Estimate vision API cost before you run the batch
Vision models bill images as tokens, and the count depends on resolution and detail level — not a flat per-image fee. A high-detail 4K image can cost many times a low-detail thumbnail. This estimator computes per-image tokens the way GPT-4o does, converts to dollars, and scales to batches from 100 to 1 million images so you can budget a vision job accurately.
How it works
For GPT-4o-style tiling, a low-detail image is a flat 85 tokens. A high-detail image is resized to fit 2048×2048, then its short side is scaled to 768px, split into 512×512 tiles, and billed as:
tiles = ceil(scaled_w / 512) × ceil(scaled_h / 512)
tokens = 85 + 170 × tiles
The per-image dollar cost is tokens / 1,000,000 × input_price, and the batch
cost simply multiplies by your image count. Gemini uses a flat per-image token
charge in this estimator, which is how its vision pricing is commonly modelled.
Tips to cut vision cost
- Use low detail for classification. If you only need to know what is in the image, low detail is far cheaper and usually accurate enough.

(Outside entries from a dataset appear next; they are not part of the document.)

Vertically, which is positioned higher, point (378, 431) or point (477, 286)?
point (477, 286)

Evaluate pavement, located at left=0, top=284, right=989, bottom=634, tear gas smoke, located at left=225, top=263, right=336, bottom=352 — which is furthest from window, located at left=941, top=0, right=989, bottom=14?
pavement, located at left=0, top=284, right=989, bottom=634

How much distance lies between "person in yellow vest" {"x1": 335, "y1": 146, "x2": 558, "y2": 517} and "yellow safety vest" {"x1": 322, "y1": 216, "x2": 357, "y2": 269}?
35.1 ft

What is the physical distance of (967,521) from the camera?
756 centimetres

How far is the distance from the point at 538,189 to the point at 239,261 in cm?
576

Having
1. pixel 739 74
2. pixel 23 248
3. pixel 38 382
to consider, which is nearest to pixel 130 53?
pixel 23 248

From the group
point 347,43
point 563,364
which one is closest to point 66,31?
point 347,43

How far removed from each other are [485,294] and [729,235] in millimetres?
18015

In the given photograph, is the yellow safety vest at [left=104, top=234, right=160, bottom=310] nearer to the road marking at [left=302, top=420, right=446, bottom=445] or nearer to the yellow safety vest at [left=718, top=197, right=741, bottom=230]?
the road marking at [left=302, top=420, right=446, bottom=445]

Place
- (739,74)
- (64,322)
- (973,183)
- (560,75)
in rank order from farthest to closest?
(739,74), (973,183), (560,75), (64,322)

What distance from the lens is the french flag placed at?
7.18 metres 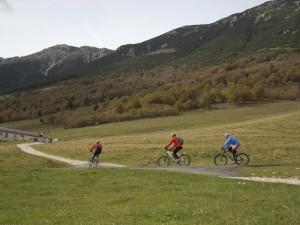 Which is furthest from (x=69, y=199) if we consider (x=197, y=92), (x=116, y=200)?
(x=197, y=92)

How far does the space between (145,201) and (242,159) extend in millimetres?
23281

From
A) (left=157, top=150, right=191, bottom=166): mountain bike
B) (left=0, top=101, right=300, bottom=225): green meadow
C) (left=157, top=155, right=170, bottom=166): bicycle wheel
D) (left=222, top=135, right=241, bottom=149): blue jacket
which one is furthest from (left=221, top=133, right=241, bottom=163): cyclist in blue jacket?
(left=157, top=155, right=170, bottom=166): bicycle wheel

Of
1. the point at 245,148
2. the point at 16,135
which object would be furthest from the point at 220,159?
the point at 16,135

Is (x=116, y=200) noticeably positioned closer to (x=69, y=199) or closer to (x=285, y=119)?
(x=69, y=199)

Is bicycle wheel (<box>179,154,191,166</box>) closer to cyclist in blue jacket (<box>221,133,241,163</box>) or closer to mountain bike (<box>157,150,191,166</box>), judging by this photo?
mountain bike (<box>157,150,191,166</box>)

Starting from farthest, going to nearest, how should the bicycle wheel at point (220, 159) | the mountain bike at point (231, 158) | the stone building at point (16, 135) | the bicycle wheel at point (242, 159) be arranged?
the stone building at point (16, 135) < the bicycle wheel at point (220, 159) < the mountain bike at point (231, 158) < the bicycle wheel at point (242, 159)

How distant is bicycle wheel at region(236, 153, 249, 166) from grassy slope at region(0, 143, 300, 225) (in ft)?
42.0

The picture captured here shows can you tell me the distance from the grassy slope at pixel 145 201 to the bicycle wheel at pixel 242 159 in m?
12.8

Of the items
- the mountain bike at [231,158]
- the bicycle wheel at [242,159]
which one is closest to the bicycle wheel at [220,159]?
the mountain bike at [231,158]

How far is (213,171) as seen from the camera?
3438 centimetres

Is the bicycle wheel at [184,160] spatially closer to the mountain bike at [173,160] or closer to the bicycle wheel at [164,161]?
the mountain bike at [173,160]

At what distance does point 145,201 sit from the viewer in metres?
19.7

- Downscale before sending. There is no benefit to sending a 6000px image if the model resizes it anyway — resize client-side and skip wasted tiles.
- Crop to the region of interest. Sending only the relevant part of an image cuts tiles and tokens directly.
- Batch with the async API. For large jobs, the batch endpoint is often cheaper than real-time calls and avoids rate-limit churn.